What the task asks -
Print the lines that run from the line with "Dani Knit Skirt" to the line with "Toyota Yaris Cross 1.5 H Lounge FWD E-CVT", keeping both end lines, exactly as they appear in the entries below, and nothing else.

Data for the task -
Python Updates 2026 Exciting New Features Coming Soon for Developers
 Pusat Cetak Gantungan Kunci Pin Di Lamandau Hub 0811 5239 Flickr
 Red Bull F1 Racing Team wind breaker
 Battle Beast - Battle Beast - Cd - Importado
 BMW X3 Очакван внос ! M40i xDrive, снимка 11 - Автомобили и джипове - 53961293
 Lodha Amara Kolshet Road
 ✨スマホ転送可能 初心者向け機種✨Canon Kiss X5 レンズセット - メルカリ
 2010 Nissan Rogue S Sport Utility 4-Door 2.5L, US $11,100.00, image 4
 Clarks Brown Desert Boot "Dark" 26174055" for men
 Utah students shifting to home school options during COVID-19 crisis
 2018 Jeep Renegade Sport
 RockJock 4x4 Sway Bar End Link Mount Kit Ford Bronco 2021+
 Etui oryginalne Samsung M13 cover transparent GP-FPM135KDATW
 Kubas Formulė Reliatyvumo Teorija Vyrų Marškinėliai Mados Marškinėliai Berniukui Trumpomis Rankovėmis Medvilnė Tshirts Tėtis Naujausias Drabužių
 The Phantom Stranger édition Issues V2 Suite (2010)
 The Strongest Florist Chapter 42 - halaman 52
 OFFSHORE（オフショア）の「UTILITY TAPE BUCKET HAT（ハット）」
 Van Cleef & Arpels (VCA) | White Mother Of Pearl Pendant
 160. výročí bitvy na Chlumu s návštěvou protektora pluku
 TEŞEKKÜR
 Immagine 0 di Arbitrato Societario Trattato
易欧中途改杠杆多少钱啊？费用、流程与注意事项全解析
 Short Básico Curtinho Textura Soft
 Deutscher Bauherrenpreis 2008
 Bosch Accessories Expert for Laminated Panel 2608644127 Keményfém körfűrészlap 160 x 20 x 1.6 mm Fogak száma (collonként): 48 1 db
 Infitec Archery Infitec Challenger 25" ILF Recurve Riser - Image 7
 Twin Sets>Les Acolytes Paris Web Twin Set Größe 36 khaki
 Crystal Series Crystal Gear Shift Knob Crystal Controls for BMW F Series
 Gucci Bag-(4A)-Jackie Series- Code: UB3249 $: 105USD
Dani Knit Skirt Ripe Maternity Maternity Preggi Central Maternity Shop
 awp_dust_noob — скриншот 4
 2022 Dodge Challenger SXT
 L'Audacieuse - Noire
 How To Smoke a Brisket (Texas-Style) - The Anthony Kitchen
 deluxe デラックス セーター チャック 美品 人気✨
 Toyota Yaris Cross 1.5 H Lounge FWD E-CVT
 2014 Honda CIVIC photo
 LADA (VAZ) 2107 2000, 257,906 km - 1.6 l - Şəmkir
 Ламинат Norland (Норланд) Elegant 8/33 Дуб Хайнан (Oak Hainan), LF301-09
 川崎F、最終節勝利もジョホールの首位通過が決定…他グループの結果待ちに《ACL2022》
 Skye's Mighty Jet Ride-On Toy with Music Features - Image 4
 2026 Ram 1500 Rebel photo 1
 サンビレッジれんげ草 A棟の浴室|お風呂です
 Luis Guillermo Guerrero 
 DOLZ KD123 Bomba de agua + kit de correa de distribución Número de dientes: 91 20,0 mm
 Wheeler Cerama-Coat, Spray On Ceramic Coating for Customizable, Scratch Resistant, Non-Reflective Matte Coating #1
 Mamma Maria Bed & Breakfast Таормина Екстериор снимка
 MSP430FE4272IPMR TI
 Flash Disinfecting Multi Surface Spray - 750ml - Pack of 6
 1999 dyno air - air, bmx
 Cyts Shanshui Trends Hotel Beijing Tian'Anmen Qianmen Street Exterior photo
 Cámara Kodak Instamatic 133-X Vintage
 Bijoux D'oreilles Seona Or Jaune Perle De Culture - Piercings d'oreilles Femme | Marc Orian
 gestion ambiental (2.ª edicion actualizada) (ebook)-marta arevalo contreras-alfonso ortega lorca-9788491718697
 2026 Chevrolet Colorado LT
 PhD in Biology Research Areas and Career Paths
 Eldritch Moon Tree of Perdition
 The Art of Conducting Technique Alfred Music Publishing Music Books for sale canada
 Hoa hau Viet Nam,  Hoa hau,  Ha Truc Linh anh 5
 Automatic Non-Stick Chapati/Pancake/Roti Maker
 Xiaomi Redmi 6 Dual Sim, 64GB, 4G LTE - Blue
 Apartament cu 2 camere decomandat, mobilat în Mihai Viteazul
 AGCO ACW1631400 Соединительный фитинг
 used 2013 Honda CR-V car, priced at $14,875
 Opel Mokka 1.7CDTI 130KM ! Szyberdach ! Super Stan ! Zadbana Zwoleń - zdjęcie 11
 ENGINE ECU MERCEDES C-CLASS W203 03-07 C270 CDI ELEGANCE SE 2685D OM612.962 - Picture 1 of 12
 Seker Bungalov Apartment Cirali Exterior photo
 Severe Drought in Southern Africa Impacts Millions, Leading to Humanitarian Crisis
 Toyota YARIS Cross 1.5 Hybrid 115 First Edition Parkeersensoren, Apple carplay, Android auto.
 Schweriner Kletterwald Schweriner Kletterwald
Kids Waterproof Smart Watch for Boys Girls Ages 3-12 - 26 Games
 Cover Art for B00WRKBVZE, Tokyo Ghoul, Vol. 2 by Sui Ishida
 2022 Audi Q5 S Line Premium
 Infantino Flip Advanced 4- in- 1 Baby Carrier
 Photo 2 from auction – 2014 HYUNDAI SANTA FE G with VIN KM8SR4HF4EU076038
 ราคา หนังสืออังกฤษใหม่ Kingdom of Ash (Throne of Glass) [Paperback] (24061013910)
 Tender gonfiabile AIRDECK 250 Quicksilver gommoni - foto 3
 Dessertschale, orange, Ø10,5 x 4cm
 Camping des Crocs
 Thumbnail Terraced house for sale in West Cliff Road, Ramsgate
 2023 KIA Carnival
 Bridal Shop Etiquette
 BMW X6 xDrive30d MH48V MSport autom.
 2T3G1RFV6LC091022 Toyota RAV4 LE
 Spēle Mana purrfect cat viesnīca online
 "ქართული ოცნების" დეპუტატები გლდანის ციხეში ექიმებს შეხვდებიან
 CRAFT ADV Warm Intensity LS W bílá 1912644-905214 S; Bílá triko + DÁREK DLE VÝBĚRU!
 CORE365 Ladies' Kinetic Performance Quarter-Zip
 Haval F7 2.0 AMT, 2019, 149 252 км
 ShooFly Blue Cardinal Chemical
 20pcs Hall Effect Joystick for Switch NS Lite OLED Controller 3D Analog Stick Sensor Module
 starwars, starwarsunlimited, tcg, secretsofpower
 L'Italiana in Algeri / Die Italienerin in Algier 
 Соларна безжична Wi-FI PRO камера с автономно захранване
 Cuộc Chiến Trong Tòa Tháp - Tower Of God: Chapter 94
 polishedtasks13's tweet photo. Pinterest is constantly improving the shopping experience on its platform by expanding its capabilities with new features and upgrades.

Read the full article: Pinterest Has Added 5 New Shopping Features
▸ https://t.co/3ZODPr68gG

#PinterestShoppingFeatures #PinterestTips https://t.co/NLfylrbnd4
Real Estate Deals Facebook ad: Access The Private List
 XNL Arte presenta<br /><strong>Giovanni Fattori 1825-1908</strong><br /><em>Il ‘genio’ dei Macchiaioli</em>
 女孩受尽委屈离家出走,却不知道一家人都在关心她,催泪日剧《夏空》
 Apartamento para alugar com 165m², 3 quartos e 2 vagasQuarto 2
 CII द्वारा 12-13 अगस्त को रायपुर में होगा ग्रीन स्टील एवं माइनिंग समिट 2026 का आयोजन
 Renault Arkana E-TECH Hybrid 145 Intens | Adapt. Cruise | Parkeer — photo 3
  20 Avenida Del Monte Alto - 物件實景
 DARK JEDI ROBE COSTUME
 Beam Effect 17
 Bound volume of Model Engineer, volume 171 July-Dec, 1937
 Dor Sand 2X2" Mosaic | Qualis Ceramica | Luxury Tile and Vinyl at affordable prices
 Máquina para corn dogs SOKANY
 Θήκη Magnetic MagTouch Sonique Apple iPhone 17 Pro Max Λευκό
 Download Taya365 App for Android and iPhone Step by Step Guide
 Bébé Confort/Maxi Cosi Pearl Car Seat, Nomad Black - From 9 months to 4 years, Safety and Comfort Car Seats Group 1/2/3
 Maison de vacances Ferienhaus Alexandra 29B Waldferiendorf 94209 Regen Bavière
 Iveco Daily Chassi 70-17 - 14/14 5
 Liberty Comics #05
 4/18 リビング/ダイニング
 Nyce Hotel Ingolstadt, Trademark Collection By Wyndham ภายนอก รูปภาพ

Response area -
Dani Knit Skirt Ripe Maternity Maternity Preggi Central Maternity Shop
 awp_dust_noob — скриншот 4
 2022 Dodge Challenger SXT
 L'Audacieuse - Noire
 How To Smoke a Brisket (Texas-Style) - The Anthony Kitchen
 deluxe デラックス セーター チャック 美品 人気✨
 Toyota Yaris Cross 1.5 H Lounge FWD E-CVT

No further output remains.